Alea Nadeem and Anthony Campbell
Air Force Lt. Colonel Alea Nadeem raised approximately $190,000 in the third quarter of 2025, per Crescent News, and had more cash on hand than Sheahan as of mid-April — though her campaign was described as burning through funds quickly. She is running as a military outsider with a national security focus. Health care data scientist Anthony Campbell is the least-funded candidate in the field; his fundraising totals have not been prominently reported in available records.
Kaptur's Record
Kaptur's legislative record in the 119th Congress reflects her committee perch and her constituent priorities. She co-sponsored the Social Security Fairness Act, signed by President Biden in January 2025, which restored full benefits to more than 270,000 Ohioans affected by the Government Pension Offset and Windfall Elimination Provision. She introduced the bipartisan Great Lakes Restoration Initiative Act of 2025, arguing that every dollar spent on the program produces $3.35 in economic activity — a direct appeal to a district that depends on Lake Erie for drinking water and economic activity.
Her voting record is not a straight party-line affair. In the 119th Congress, she has voted against her Democratic party position on 41 of 517 recorded votes — roughly 8 percent. Those cross-party votes cluster around immigration and law enforcement: she voted yes on the Laken Riley Act, the Preventing Violence Against Women by Illegal Aliens Act, the HALT Fentanyl Act, and several other Republican-backed public safety measures. She also voted to disapprove an EPA rule on California vehicle emissions. That positioning reflects a deliberate calculation about her district's working-class, non-college-educated electorate — one that has been moving steadily toward Republicans.

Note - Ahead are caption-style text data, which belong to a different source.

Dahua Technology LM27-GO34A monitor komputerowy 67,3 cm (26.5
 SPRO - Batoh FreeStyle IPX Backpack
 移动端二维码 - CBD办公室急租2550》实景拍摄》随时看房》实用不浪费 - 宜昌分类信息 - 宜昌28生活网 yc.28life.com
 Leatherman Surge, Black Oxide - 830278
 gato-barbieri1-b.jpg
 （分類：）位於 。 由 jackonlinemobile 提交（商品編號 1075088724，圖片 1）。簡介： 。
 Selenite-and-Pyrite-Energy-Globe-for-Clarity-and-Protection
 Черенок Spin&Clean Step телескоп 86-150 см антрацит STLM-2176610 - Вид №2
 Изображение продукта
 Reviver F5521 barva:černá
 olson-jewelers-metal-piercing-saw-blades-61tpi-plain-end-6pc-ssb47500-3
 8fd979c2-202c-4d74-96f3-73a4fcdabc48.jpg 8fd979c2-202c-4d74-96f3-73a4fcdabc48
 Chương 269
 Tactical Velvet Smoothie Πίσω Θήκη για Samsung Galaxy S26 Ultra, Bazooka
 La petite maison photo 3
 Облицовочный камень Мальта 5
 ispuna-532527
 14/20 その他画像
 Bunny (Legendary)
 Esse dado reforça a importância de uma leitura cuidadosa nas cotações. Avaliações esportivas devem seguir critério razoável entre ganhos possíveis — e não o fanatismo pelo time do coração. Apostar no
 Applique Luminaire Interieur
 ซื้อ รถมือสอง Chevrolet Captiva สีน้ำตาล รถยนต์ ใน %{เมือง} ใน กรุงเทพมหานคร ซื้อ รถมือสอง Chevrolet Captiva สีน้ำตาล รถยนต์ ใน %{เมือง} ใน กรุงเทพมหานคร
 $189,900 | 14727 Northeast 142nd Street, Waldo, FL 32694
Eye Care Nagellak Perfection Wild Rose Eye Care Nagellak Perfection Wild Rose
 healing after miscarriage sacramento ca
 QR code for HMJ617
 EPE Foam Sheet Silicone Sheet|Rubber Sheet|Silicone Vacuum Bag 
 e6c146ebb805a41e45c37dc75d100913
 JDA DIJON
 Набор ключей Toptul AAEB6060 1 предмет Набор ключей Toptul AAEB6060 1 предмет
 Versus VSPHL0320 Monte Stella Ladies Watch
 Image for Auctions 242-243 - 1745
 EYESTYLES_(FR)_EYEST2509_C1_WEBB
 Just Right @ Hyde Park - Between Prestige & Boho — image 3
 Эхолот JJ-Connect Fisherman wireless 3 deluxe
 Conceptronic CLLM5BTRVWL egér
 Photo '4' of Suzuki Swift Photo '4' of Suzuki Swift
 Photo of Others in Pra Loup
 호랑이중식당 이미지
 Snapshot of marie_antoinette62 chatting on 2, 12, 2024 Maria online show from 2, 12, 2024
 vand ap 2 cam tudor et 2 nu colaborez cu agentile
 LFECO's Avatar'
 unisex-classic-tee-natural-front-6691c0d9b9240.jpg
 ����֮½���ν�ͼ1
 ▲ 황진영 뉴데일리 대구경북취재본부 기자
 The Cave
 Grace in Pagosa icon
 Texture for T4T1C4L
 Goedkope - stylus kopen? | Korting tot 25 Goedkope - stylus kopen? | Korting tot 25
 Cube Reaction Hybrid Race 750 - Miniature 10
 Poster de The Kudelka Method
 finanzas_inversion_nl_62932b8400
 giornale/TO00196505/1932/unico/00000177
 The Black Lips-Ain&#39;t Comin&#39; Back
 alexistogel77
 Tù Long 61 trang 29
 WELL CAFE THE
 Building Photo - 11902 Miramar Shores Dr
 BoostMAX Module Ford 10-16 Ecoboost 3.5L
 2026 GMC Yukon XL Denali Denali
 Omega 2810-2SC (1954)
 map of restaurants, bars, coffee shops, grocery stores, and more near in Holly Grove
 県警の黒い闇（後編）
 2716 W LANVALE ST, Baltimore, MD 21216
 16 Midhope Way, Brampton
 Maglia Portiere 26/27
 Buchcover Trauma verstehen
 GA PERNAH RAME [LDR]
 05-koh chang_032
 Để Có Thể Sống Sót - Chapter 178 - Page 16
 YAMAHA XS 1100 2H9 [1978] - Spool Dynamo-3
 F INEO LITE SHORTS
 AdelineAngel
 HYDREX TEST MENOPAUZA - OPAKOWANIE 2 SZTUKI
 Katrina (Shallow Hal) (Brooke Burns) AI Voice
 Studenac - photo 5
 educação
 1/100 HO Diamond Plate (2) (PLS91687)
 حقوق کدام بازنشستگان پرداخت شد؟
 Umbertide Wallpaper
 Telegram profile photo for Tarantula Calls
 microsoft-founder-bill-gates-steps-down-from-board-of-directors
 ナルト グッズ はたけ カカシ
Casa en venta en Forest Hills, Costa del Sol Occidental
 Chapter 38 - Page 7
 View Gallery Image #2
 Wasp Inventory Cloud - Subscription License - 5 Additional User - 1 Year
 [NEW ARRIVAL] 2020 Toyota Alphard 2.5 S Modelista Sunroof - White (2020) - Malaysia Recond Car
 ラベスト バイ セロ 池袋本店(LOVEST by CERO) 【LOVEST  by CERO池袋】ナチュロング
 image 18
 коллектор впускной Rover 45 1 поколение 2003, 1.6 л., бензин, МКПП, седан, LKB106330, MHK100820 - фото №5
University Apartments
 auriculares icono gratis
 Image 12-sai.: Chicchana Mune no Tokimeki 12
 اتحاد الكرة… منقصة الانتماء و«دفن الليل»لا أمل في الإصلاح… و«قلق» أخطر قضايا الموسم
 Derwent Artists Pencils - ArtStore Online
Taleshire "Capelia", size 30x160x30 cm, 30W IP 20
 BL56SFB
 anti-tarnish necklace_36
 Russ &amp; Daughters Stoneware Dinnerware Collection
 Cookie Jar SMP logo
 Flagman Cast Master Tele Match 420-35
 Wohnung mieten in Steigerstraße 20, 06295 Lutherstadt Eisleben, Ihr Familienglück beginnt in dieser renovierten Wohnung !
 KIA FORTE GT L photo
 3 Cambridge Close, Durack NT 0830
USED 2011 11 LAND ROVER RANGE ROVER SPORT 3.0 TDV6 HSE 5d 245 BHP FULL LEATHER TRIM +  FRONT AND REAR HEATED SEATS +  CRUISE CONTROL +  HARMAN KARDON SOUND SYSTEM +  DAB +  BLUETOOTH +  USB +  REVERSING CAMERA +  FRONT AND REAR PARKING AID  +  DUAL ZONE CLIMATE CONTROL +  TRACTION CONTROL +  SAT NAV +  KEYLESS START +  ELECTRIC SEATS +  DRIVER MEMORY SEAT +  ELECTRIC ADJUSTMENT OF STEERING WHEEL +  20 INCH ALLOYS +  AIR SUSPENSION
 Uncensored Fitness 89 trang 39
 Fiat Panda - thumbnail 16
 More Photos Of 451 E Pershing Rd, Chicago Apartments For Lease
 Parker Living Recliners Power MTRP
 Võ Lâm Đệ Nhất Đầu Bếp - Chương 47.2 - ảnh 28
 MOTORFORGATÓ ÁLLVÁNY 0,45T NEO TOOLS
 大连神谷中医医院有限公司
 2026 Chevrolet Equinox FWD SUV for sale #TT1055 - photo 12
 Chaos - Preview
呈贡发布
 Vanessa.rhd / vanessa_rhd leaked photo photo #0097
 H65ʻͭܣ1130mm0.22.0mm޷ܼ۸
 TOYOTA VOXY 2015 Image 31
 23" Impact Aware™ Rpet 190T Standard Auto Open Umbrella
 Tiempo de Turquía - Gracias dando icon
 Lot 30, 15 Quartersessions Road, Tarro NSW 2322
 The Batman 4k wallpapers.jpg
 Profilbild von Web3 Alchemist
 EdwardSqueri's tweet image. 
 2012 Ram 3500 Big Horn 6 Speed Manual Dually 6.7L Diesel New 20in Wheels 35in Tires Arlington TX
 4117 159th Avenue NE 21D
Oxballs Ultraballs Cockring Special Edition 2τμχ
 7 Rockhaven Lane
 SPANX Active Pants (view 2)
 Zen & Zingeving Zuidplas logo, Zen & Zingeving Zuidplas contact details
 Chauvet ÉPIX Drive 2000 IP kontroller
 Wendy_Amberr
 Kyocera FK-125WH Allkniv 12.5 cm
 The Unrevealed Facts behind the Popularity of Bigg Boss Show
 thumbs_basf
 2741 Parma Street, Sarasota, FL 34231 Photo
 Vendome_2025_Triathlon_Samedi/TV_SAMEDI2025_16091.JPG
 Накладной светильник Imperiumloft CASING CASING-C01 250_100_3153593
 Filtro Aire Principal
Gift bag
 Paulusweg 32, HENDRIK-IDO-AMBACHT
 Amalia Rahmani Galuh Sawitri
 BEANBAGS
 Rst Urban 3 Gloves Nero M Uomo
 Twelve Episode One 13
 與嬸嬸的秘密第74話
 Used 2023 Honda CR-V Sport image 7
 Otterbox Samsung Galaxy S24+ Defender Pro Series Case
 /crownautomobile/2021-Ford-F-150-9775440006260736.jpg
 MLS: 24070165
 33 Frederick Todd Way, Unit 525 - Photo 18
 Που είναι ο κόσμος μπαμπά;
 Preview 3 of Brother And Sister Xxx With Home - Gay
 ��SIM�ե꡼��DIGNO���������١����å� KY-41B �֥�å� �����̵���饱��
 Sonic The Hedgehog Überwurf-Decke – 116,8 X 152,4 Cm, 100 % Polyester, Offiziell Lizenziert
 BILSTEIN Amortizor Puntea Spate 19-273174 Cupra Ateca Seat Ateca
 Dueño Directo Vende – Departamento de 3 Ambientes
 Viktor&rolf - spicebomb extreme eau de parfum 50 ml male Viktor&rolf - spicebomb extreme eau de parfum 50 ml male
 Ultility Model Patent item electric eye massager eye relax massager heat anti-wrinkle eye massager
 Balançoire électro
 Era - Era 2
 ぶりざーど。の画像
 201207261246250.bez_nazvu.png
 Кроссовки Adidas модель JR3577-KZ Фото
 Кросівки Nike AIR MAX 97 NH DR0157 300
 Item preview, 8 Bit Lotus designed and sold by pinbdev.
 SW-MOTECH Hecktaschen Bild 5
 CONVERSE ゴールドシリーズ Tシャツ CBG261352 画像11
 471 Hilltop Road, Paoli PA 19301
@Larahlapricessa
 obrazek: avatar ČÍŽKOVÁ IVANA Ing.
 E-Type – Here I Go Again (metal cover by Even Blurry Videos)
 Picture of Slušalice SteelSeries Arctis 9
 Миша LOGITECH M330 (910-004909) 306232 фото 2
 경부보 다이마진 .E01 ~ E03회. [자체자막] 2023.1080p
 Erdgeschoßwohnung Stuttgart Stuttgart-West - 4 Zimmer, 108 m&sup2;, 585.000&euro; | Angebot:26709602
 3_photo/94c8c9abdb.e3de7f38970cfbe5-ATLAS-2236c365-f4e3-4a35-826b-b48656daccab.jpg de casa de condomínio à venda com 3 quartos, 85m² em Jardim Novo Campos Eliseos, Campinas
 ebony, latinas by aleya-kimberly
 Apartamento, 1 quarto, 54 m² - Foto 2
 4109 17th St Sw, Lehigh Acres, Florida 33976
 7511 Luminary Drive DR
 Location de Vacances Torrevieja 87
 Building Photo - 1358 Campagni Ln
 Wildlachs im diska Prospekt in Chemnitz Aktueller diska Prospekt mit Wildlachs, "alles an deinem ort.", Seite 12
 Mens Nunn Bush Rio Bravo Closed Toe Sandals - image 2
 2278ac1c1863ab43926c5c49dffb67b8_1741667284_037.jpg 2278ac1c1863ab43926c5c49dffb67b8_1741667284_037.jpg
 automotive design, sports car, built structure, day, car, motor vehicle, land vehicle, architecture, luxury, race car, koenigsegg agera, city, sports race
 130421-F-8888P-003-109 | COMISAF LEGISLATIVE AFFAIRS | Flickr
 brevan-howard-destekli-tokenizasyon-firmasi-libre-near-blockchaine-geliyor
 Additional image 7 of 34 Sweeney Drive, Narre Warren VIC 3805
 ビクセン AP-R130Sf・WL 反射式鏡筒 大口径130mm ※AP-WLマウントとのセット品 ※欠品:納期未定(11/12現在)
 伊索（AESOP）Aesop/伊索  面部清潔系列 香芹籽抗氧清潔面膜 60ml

What's at Stake in the Ohio 9th Congressional District 2026
This is one of 14 Democratic-held House seats that Donald Trump carried in 2024. Republicans need a net gain of seats to expand their House majority, and the Ohio 9th is on their target list. The congressional race funding dynamics reflect that national attention — Kaptur's record $1.5 million quarter did not happen in a vacuum. Democrats are investing in incumbents they fear could fall.
The district's demographics frame the central tension. Toledo's urban minority voters are Kaptur's base; the surrounding rural counties have been trending Republican for a decade. With a redrawn map that now tilts the district toward Republicans by double digits, Kaptur's path to survival runs through maximizing turnout in Toledo while holding enough of the rural working-class vote that her trade-protectionist, union-first message has historically attracted.
Whoever emerges from today's Republican primary — most likely Merrin, given his financial advantage and near-win in 2024 — will face a well-funded incumbent with 43 years of name recognition and a $3.1 million head start. But they will do so on terrain that has never been more favorable to their party. The Ohio primary May 5, 2026 sets the stage. November decides whether Kaptur's remarkable run continues — or ends.